In 1930s Ecuador, building a road through the jungle should have brought prosperity and modernity to the local Indians, but landowner Don Alfonso only thinks of using it to increase his personal wealth. He robs them first of their labour then of their huasipungos (small plots of land allocated to tenant farmers by the hacienda/large estate owner in exchange for work), causing them to revolt and be massacred. (A more accurate spelling in English orthography would be ‘wasipungo’).
Icaza was maybe the greatest Ecuadorian author of the 1900s. ‘Huasipungo’ needs to be seen in the context of the indigenista movement (which was influential across the arts spectrum), which highlighted the oppression and struggles of the indigenous people.
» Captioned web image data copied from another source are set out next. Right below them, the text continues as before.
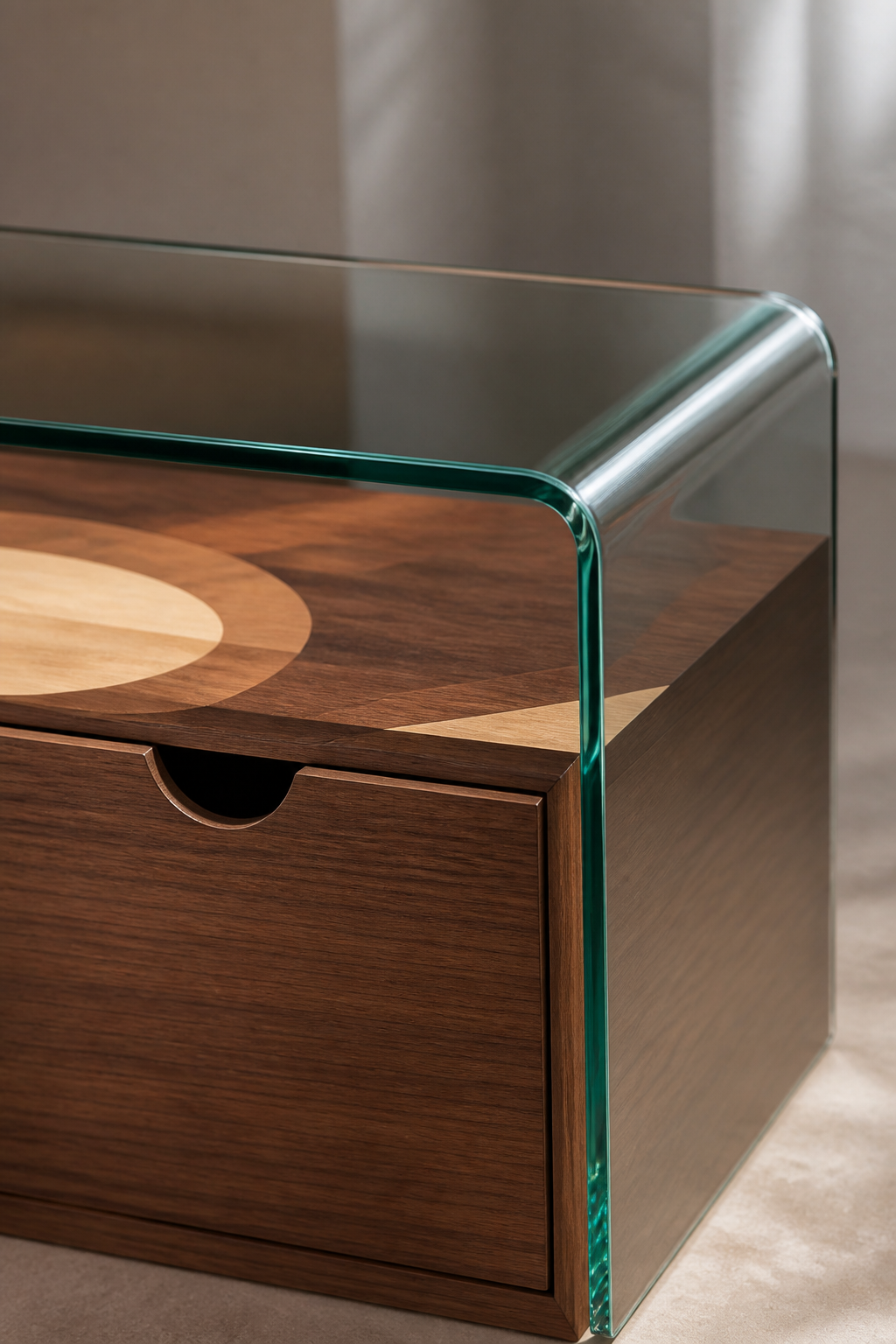 Runa Side Table — material detail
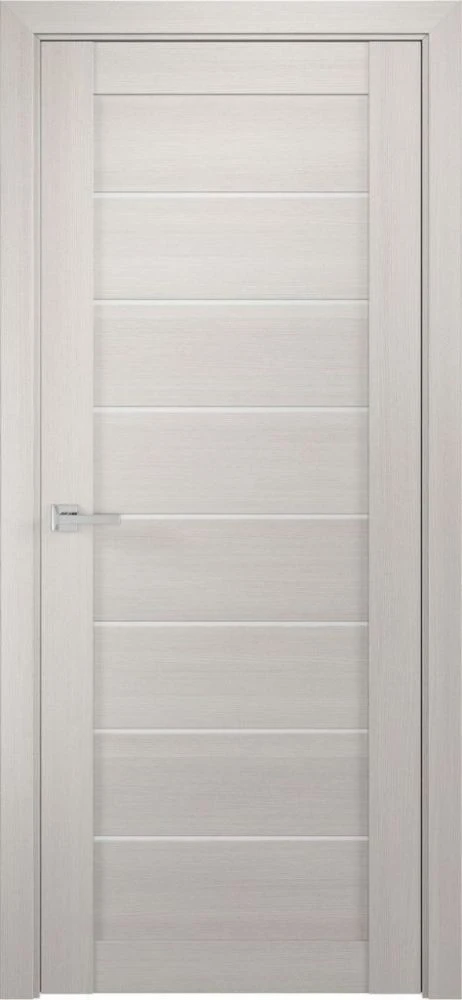 Фото Межкомнатная дверь ЛУ-7 белёный дуб (стекло сатинат, 900x2000)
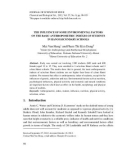 The influence of some environmental factors on the basic anthropometric indexes of students in Hanoi secondary schools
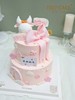 1027CAKE | 双层款式 翻糖装饰 蝴蝶结 牛牛 商品缩略图2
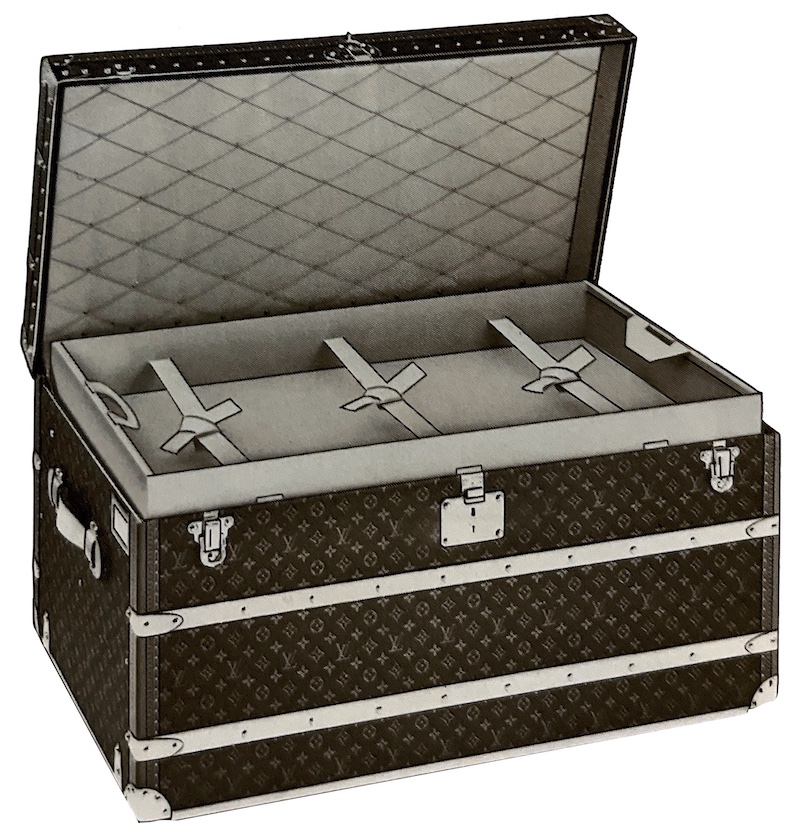 vuitton malle courrier trunk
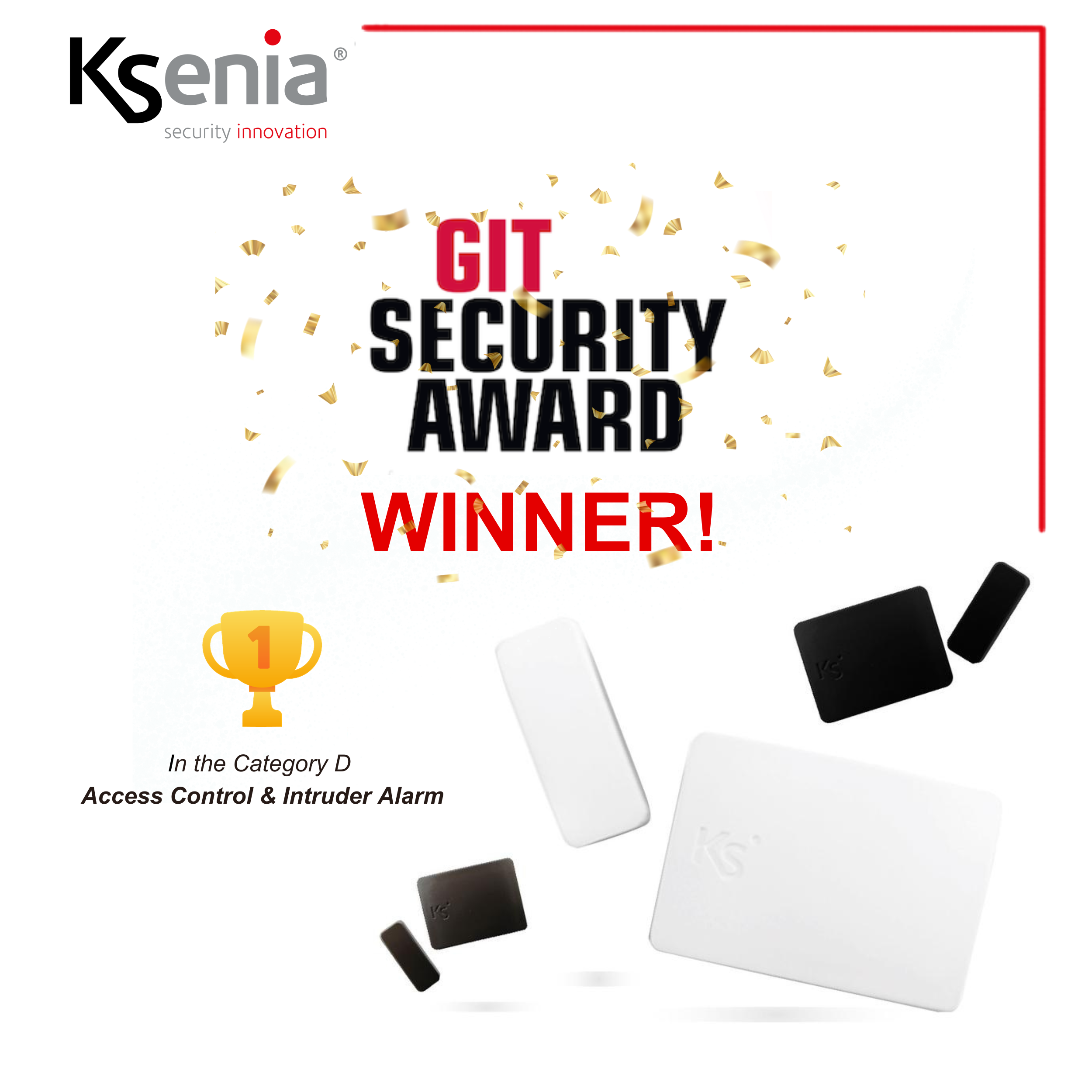 Ksenia Security Vince I GIT Security Award 2023!
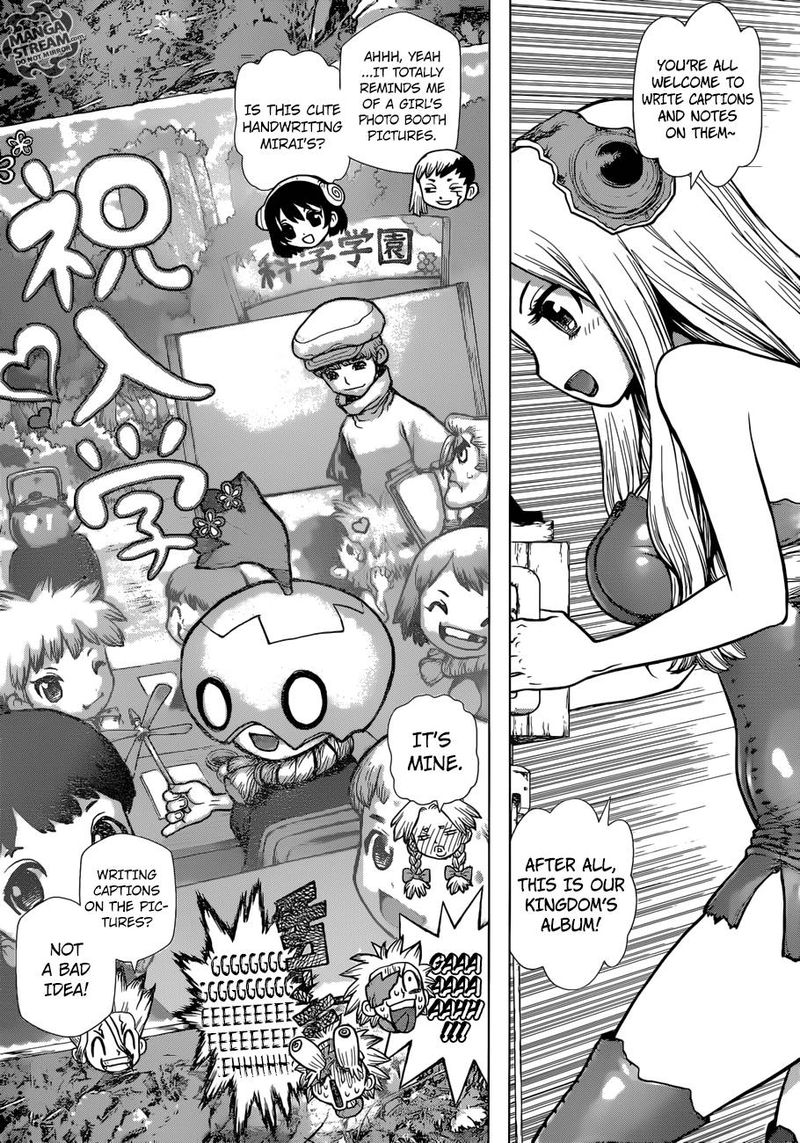 Dr. Stone Manga Chapter 99 page 7 - Kingdom of Science Photo Journal scene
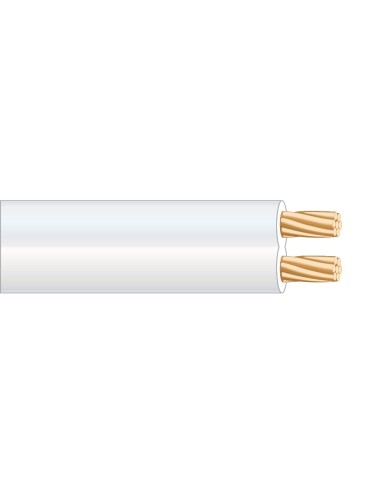 Paralelo 2x2,5mm blanco "audio" euro/m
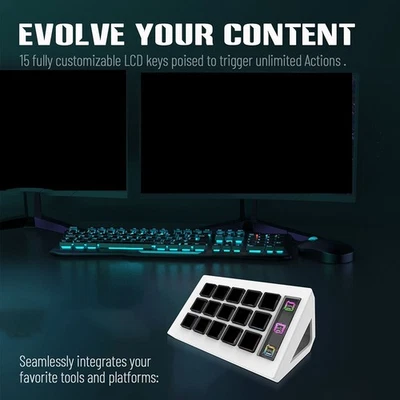 Aesthetic Black and White Visual Keyboard Perfect for Tech Enthusiasts - Image 1 of 4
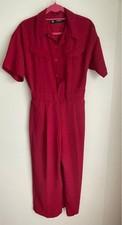 UNDERCOVER GU Red Romper Pants Size M - Solid Design
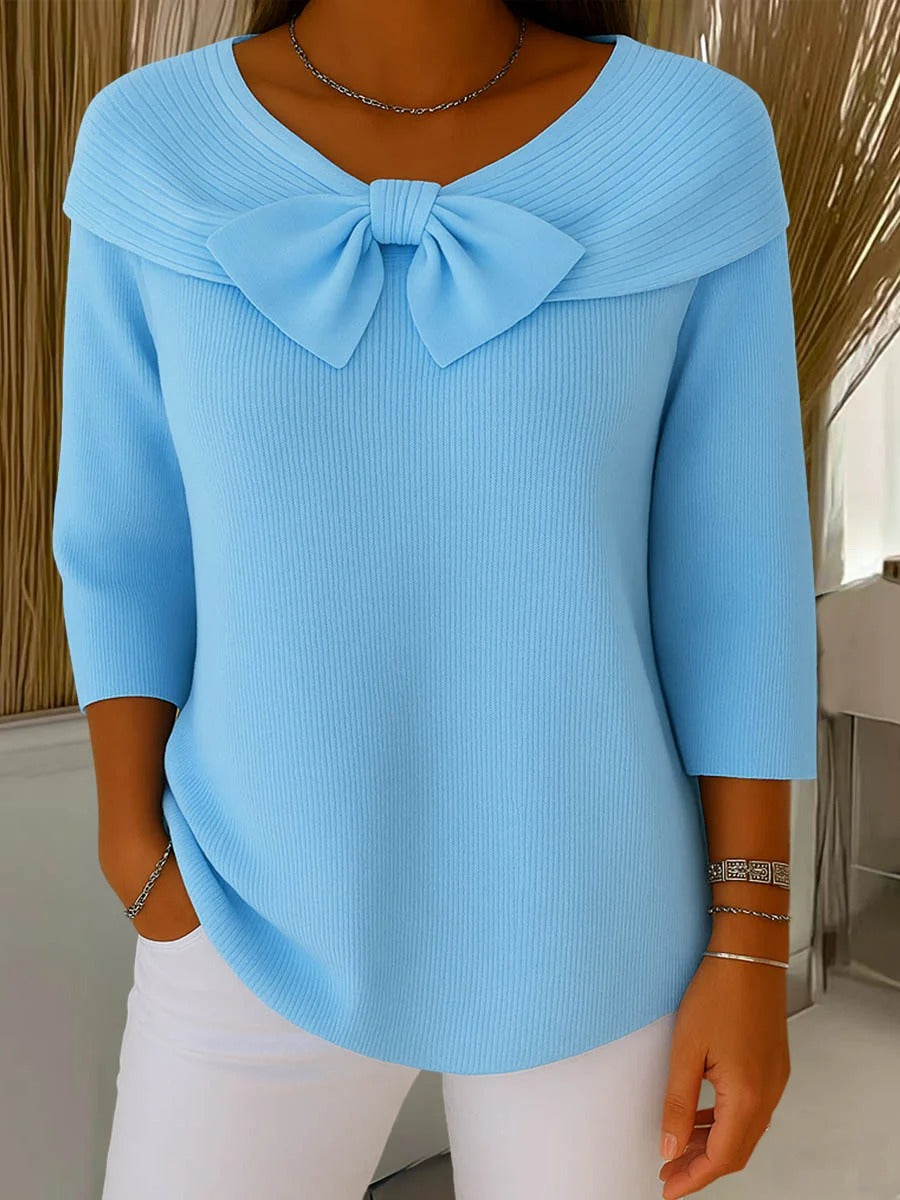Elodie Bow-Embellished Sweater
Its themes are exploitation by big landowners and gringos, racism (including the racism of the mixed-race mestizos against those with more Indian blood than themselves), class struggle, and the venal, collaborationist church which functions as part of the power structure and has been bribed into using the faith as a weapon against the indigenous.
The casually inhuman treatment of the natives as if they are not people is quite shocking. For example, in one incident, cattle invade the corn fields during the night. Don Alfonso thinks he’s a hero just because he had to get up in the middle of the night to do something about it! To reward himself, he rapes a powerless indigenous girl. They are basically treated like property, even the indentured labourers. These have been subjected to forced labour under the very real threat of losing their land.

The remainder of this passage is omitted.